Hasil Mediasi Nol, Bawaslu Lingga Lanjukan Sidang Sengketa Politik

Mediasi pertama Bawaslu Lingga terhadap sengketa politik (ist)

Lingga (marwahkepri.com) – Badan Pengawas Pemilu (Bawaslu) akhirnya menggelar adjudikasi terhadap sengketa politik antara Partai Amanat Nasional (PAN) dengan Komisi Pemilihan Umum (KPU) Lingga terkait daftar calon sementara (DCS) bakal calon legislatif (bacaleg). Sidang sengketa secara terbuka akan dilakukan siang ini, Senin (27/08/2018).

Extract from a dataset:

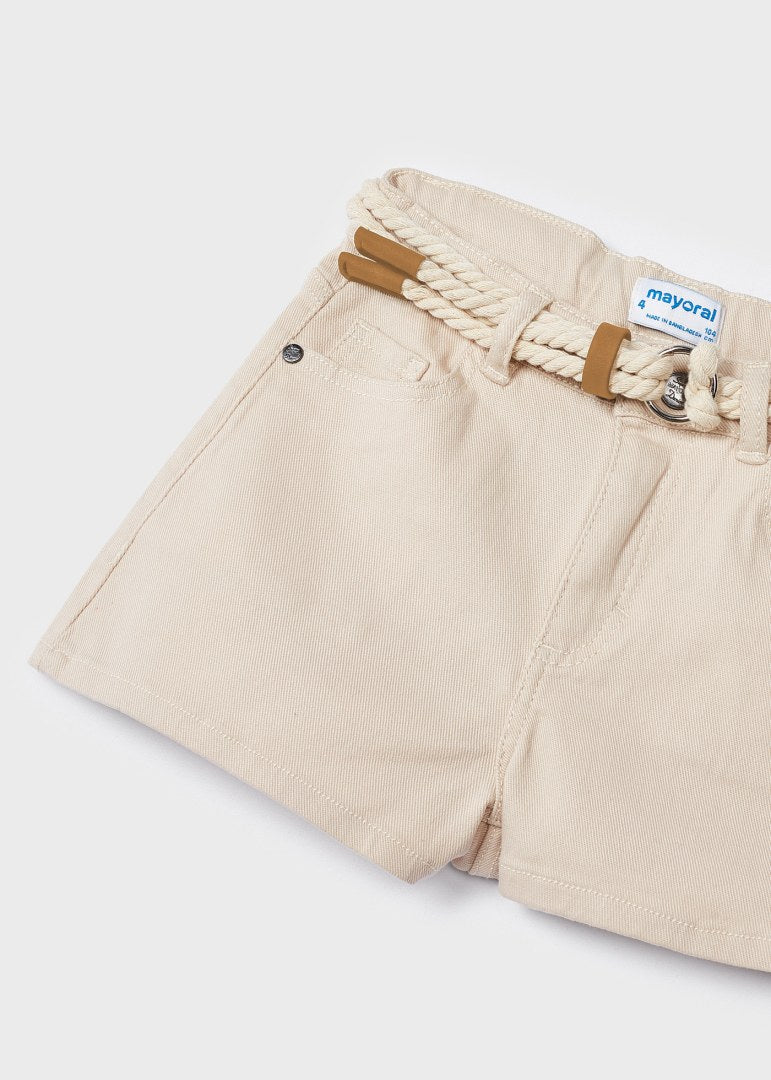 Belted Shorts Sustainable Cotton Girl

Menurut Ardi Aulia selaku Kordiv Pencegahan dan Hubungan Antar Lembaga, Bawaslu Kabupaten Lingga menyampaikan setelah melewati dua kali mediasi kedua belah pihak yakni KPU Lingga sebagai temohon dan PAN Kabupaten Lingga sebagai pemohon belum menemui sepakat.

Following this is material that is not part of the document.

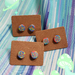 Squamous Rainbow Earring Studs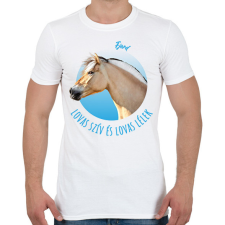 PRINTFASHION Lovas szív - Fjord - Férfi póló - Fehér férfi póló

Kedua belah pihak masih berkeras terhadap pendapat masing-masing sesuai dengan peraturan yang dirujuk.

“Hasilnya tidak sepakat lanjut ke sidang sengketa,” ucap Ardi singkat, Senin (27/08/2018)

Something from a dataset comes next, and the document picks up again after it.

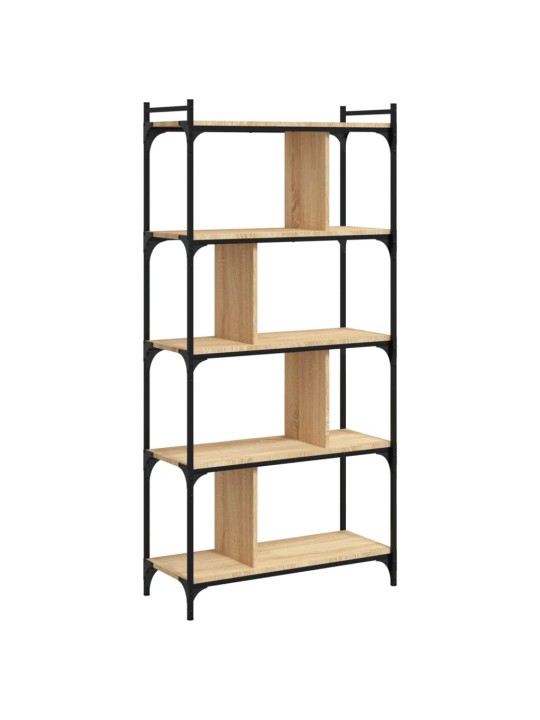 Knihovna s 5 policemi dub sonoma 76x32x158 cm kompozitní dřevo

Bawaslu Lingga akhirnya meminta peran pihak ketiga untuk mengambil keputusan antara kedua belah pihak sebagaimana peraturan Bawaslu nomor 18 tahun 2018 terkait penyelesaian sengketa.

Sementara M Afrizal yang merupakan ketua DPD PAN Kabupaten Lingga, ketika ditemui mengatakan pihaknya saat ini mengikuti irama persengketaan yang dibawa KPU Lingga. Menurutnya jika ingin keras, banyak hal yang dilanggar KPU Lingga.

“Kalau orang itu (KPU Lingga) bawa pakar hukum, kita juga bawa. Tapi kalau tidak.kita tidak juga, habis energi aja kalau dibawakan,” ucap dia.

Terkait UU yang dimaksud, menurutnya KPU Lingga masih saja berpedoman dengan PKPU nomor 20 tahun 2018.

“Saya bertahan memang peraturan ada, kecuali UU pemilu nomor 7 tahun 2017 telah dihapuskan,” papar dia.

Jika dilihat tensi politik secara global semakin memanas. Adu taktik dan strategi hingga sengketa turut berlaku di Kabupaten Lingga, memungkinkan KPU Lingga akan banyak mendapatkan tekanan pada proses menjelang gelar Pemilu 2019 mendatang.

Secara terpisah mengutip informasi media nasional, hasil rapat konsultasi lintas komisi DPR RI dengan Mendagri Tjahjo Kumolo, Menkum HAM Yasonna Laoly, Ketua KPU Arief Budiman dan Ketua Bawaslu Abhan pagi ini terkait hal ini masih belum berujung.

Hanya saja bagi eks koruptor yang mau maju di Pileg 2019, mereka dipersilakan mendaftar. Sambil menunggu verifikasi dari KPU, para eks koruptor yang daftar caleg itu bisa sambil menggugat PKPU No 20 tahun 2018 ke MA. (MK/arp)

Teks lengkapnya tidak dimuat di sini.